Date:Monday 28 January 2002
Time:10:24
Type: Boeing 727-134
Operator:TAME Ecuador
Registration:HC-BLF
C/n / msn:19692/498
First flight:1967-11-20 (34 years 3 months)
Total airframe hrs:64001
Cycles:49819
Engines:Pratt & Whitney JT8D-9A
Crew:Fatalities: 7 / Occupants: 7
Passengers:Fatalities: 87 / Occupants: 87
Total:Fatalities: 94 / Occupants: 94
Aircraft damage:Destroyed
Aircraft fate:Written off (damaged beyond repair)
Location:27 km (16.9 mls) NW of Ipiales (   Colombia)
Crash site elevation:4481 m (14701 feet) amsl
Phase:Approach (APR)
Nature:Domestic Scheduled Passenger
Departure airport:Quito-Mariscal Sucre Airport (UIO/SEQU), Ecuador
Destination airport:Tulcán Airport (TUA/SETU), Ecuador
Flightnumber:120

Narrative:
TAME Flight 120 was a scheduled flight from Quito to Cali, Colombia via Tulcán. The Boeing 727 took off from runway 17 at 10:03 for the first leg to Tulcán. The flight climbed to the cruising altitude of FL180 and proceeded on the G-675 airway towards Ipiales from where it was to turn to Tulcán. At 10:15 the flight contacted Tulcán Tower. At that moment the airplane was 29 miles from the Tulcán NDB. The crew received permission to descend to FL140 and was given the current weather information, which included 8000 metres visibility, few clouds at 200 metres and overcast at 500 metres. The approach procedure called for a speed of 180 kts, but the actual speed was much higher at 230 knots.
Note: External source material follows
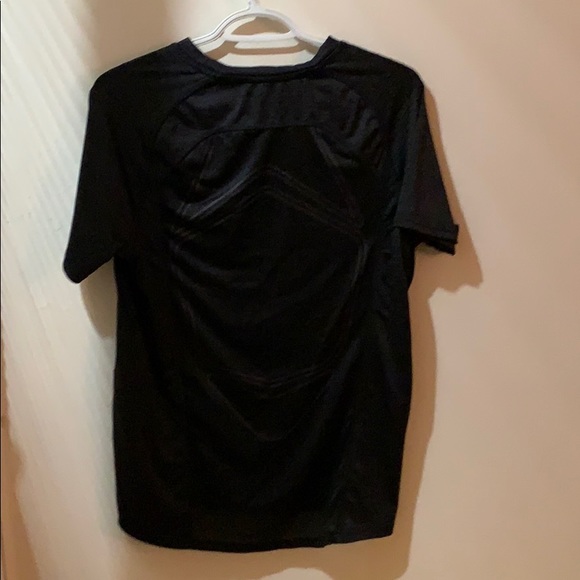 Fila Shirt - Picture 3 of 3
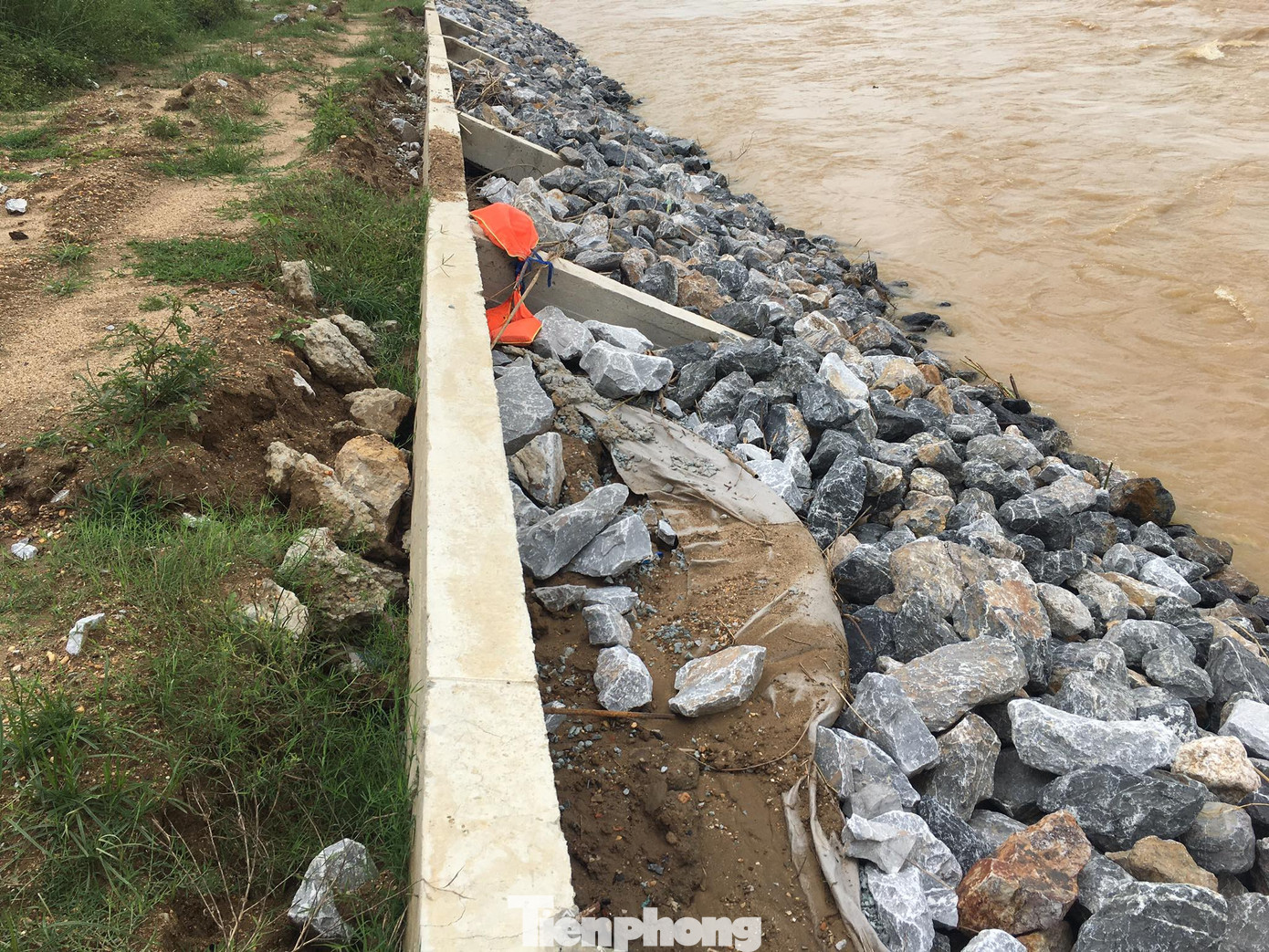 Bờ kè dự án trên 300 tỷ đồng sụt lún, hư hỏng trước khi bão số 7 đổ bộ ảnh 8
During the descent the airplane flew into the side of the Nevado el Cumbal Volcano at 14,700 feet, 1400 feet below the summit

Probable Cause:

PROBABLE CAUSE (translated from Spanish):
1) The decision of the instructor captain and his crew to initiate and continue the operation towards Tulcan airport below the meteorological minima established in the company’s SOPs.
2) Inadequate navigation and operation of the aircraft by the pilot flying and directed by the instructor captain, consisting of entering the holding pattern of the Tulcan radio beacon with a speed of 230 knots indicated airspeed and with a banking of 15 degrees exceeding the maximum stipulated speed limit of 180 knots during the entire procedure including the holding pattern and using a banking below the recommended range of 25 to 30 degrees, thus exceeding the lateral navigation and obstacle protection limits of the holding pattern, leading this operation to the collision with El Cumbal Hill.